**SOURCE MATERIAL**
○ ○ ○ ○ ○
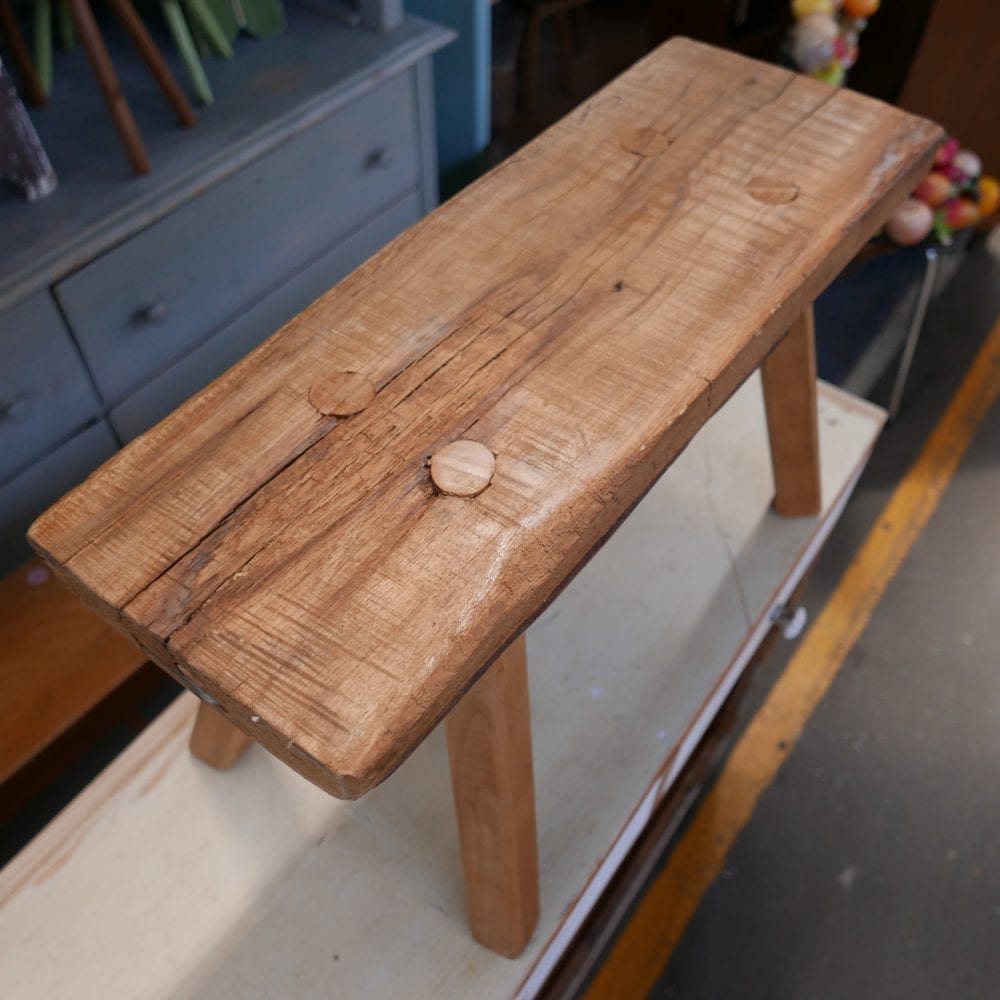 houten kruk bankje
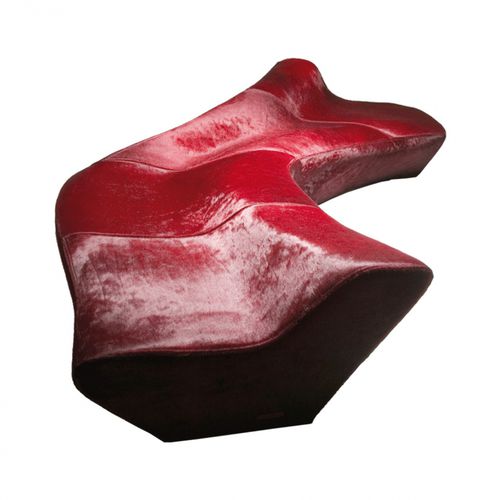 Sofa / originelles Design - MORAINE  - Sawaya & Moroni - Tierfell / rot / von Zaha Hadid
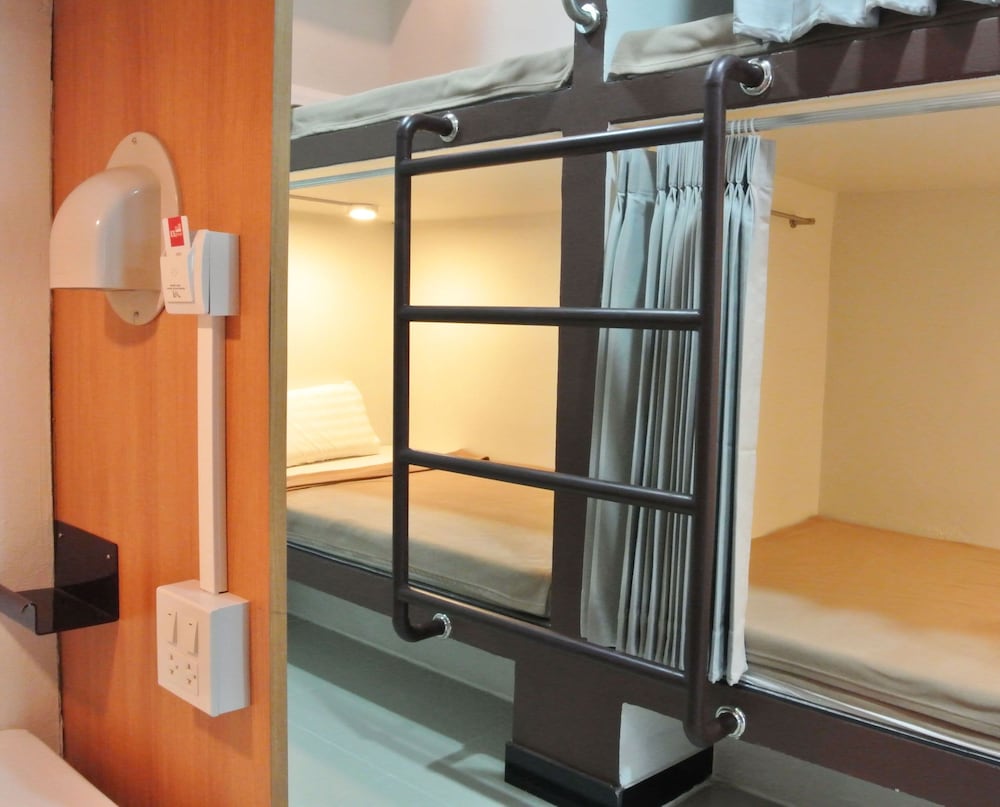 Express Hostel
○ ○ ○ ○ ○
**PROBLEM STATEMENT**
Please output the material above unchanged, apart from removing the pictures.

**EXPECTED OUTPUT**
 houten kruk bankje
 Sofa / originelles Design - MORAINE  - Sawaya & Moroni - Tierfell / rot / von Zaha Hadid
 Express Hostel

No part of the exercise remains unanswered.